Small farms don’t produce most the of the worlds food – but they could produce all
Recently, I wrote an article about how difficult it is to survive as a commercial smallholder and floated some ideas of why that is and what can be done about it. I want to follow up with two articles. This one is about the production capacity of small farms and the next one will be on labor productivity and its implications for the space of consumption for small holder farmers and its capacity to generate surplus labor for other societal purposes.
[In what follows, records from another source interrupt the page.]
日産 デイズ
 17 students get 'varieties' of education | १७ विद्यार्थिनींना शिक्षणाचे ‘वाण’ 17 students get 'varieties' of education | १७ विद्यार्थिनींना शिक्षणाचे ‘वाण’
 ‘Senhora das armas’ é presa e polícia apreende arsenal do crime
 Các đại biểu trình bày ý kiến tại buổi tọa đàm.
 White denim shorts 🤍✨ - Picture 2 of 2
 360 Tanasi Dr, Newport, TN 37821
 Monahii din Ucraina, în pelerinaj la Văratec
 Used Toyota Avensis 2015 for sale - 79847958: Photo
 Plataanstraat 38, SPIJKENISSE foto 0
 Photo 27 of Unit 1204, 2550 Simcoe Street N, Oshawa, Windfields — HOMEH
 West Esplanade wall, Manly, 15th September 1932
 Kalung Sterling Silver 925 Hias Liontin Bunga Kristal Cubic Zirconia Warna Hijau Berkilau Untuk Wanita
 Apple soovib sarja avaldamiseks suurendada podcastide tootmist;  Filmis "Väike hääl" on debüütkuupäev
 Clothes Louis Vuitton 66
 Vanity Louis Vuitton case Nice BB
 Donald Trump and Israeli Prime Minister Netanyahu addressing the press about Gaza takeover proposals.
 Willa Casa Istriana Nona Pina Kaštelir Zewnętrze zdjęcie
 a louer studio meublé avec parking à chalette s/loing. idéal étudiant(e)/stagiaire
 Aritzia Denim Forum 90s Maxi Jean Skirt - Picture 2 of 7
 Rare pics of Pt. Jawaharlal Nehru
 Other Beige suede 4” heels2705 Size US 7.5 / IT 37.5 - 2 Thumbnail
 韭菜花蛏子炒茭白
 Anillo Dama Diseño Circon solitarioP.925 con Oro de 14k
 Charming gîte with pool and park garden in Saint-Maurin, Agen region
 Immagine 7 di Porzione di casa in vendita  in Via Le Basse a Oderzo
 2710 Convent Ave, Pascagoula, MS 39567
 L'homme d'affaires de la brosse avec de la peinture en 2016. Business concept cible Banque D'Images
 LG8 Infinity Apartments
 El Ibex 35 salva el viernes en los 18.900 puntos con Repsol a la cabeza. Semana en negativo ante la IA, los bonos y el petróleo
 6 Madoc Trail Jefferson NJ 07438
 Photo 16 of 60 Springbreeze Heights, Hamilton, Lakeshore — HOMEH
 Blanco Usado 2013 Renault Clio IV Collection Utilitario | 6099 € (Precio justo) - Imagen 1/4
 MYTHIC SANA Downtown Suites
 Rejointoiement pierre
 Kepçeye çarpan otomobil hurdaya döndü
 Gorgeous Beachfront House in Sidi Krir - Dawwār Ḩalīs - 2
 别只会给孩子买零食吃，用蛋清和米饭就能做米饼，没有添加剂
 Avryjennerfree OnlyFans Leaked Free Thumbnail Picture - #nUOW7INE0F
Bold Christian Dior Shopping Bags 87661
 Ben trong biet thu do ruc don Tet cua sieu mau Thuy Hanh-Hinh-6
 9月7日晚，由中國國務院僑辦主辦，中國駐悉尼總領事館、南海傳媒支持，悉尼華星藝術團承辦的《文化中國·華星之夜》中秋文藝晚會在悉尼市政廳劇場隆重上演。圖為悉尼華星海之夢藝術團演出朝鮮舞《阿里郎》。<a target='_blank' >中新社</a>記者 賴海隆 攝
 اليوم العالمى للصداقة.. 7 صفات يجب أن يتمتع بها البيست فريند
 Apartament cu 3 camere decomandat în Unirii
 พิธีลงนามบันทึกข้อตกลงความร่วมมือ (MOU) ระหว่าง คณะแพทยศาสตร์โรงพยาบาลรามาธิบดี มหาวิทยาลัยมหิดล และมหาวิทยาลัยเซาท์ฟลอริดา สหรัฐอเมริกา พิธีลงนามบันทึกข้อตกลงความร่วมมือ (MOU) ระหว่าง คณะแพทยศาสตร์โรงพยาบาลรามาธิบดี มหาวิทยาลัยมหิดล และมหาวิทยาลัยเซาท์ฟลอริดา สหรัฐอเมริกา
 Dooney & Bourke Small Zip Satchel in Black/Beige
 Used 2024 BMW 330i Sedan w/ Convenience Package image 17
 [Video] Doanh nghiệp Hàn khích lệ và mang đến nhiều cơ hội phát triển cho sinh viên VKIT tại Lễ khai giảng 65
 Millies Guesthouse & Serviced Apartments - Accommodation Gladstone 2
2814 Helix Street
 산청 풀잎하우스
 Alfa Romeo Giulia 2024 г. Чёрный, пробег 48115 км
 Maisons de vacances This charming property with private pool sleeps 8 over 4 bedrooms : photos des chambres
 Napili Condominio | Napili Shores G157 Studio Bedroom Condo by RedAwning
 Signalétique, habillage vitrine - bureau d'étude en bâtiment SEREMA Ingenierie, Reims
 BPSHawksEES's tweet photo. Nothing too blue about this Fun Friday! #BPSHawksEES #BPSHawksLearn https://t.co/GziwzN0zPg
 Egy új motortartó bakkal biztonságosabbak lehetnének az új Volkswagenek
I often see the claim that peasants/small farms/small holders/family farms produce seventy percent of all the food in the world. The 70 figure originates from a report by the ETC Groups in 2009, Who Will Feed Us? Questions for the Food and Climate Crises. The original has been revised and the current version from 2017 states that the ”ETC Group estimates about 70% of the population – 4.5–5.5 billion of the world’s 7.5 billion people – depend on the Peasant Food Web for most or all of their food”.
While I am a small farmer myself and very sympathetic to the future of small farms in a similar way as the ETC group, I think it is important to have the facts straight. To begin with, the poorest 70% consume a lot less than 70% of the food in the world, as people in the richer countries, who mainly depend on the industrial food chain consume a lot more food per capita. Notably, the ETC report says that 70% of the population depend on the peasant food web for most or all of their food. This is not at all the same as that peasants produce 70% of the food as ”to depend on” doesn’t mean that all their foods come from this food web.